I cannot work out if it is a good thing or a bad thing, or if it is xenophobic to even query it at all. But what happens if Jonathan Trott and Kevin Pietersen score all of England's runs in the Test series which starts next week, and their adopted nation beat their home nation as a consequence? Can we Englishmen celebrate, or should we feel embarrassed? At least this time there will be a couple of foreign umpires to make it feel less like a South African provincial game masquerading as international sport.
When Trott and Pietersen batted together in the second Twenty20 last month, with no neutral officials required, all 15 people on the field were South African. Which was about as cringeworthy as Pietersen's attempts to prove his Englishness early in his international career by all but devouring the three lions on his helmet whenever he scored a century. As much as England's dressing room might have a Afrikaans twang at present, they are not as heavily reliant on importing ready-made players as countries from outside the Test elite.

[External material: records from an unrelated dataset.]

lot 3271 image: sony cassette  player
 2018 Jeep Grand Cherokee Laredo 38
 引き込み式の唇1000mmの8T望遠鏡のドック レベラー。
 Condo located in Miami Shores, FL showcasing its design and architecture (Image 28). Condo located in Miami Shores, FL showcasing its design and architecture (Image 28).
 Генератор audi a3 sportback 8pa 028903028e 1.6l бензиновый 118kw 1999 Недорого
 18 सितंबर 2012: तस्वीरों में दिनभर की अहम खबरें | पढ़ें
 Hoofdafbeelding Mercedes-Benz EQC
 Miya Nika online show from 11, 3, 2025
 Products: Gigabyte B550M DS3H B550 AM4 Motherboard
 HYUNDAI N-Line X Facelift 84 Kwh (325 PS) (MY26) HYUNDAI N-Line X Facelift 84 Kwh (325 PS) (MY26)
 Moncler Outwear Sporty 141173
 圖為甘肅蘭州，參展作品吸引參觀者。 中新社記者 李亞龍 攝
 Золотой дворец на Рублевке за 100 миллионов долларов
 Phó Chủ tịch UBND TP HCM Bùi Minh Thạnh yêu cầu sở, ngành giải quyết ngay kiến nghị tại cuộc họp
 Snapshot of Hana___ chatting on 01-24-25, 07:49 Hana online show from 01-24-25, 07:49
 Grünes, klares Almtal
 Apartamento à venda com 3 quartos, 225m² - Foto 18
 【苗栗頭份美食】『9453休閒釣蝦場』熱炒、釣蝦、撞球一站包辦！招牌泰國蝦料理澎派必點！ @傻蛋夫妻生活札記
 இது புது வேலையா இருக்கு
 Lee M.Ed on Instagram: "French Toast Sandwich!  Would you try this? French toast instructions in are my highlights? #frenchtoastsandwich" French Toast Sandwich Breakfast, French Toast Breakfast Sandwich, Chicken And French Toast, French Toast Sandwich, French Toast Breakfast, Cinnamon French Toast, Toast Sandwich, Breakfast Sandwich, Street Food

Consider the case of the UAE. Is it right to claim the sport is prospering here? Superficially, it appears to be in rude health. Even before the International Cricket Council-backed academy at Dubai Sports City comes on stream, or the link-up between the MCC and Abu Dhabi Cricket Club takes root, the game is widely played, and to a high level. The national team are also basking in the glow of perhaps its finest win to date in first-class cricket, after they picked Namibia's pocket in their own backyard in the Intercontinental Shield on Tuesday.
Yet calling it the "national" team is somewhat of a misnomer. Mohammed Tauqir, whose five second-innings wickets were vital to the win, is the only UAE national in a side otherwise made up of highly committed expatriate cricketers. The ICC's rules on the subject are more stringent than many other sports. The majority of the players have to have been resident in the country for at least seven years - by which time most will no doubt have established a strong bond with the place.
In rugby, a player only needs to be a three-year resident before he is eligible for the national team. The Dubai Rugby Sevens celebrated its 40th birthday this week, making it older than the country in which it was being staged. Thanks to expatriates, the game is firmly entrenched here, yet only very recently have Emirati players started to be enticed into the sport. The UAE population, as a whole, is obviously expatriate heavy, but if the national football team are peopled solely by Emiratis, why can cricket not find a greater balance?
The statement from the Asian Cricket Council last week that the UAE should not consider sending a side of Emiratis to the Asian Games next year for fear they might suffer "embarrassing" results sent out wholly the wrong message. Why have the body tasked with overseeing the spread of the game here not been more progressive in taking the game to the Arabic community, rather than just dismissing them when they do make an effort?
The fact the facilities here are the envy of the non-Test playing world, and the fact Andrew Flintoff deems it a suitable place to call home, seems to have become an acceptable substitute for a development programme that targets Emiratis. If Flintoff never regains his fitness to the extent he can play for England again, and he continues to base himself in Dubai, within four years he would actually qualify to play for the UAE. Now there is a thought.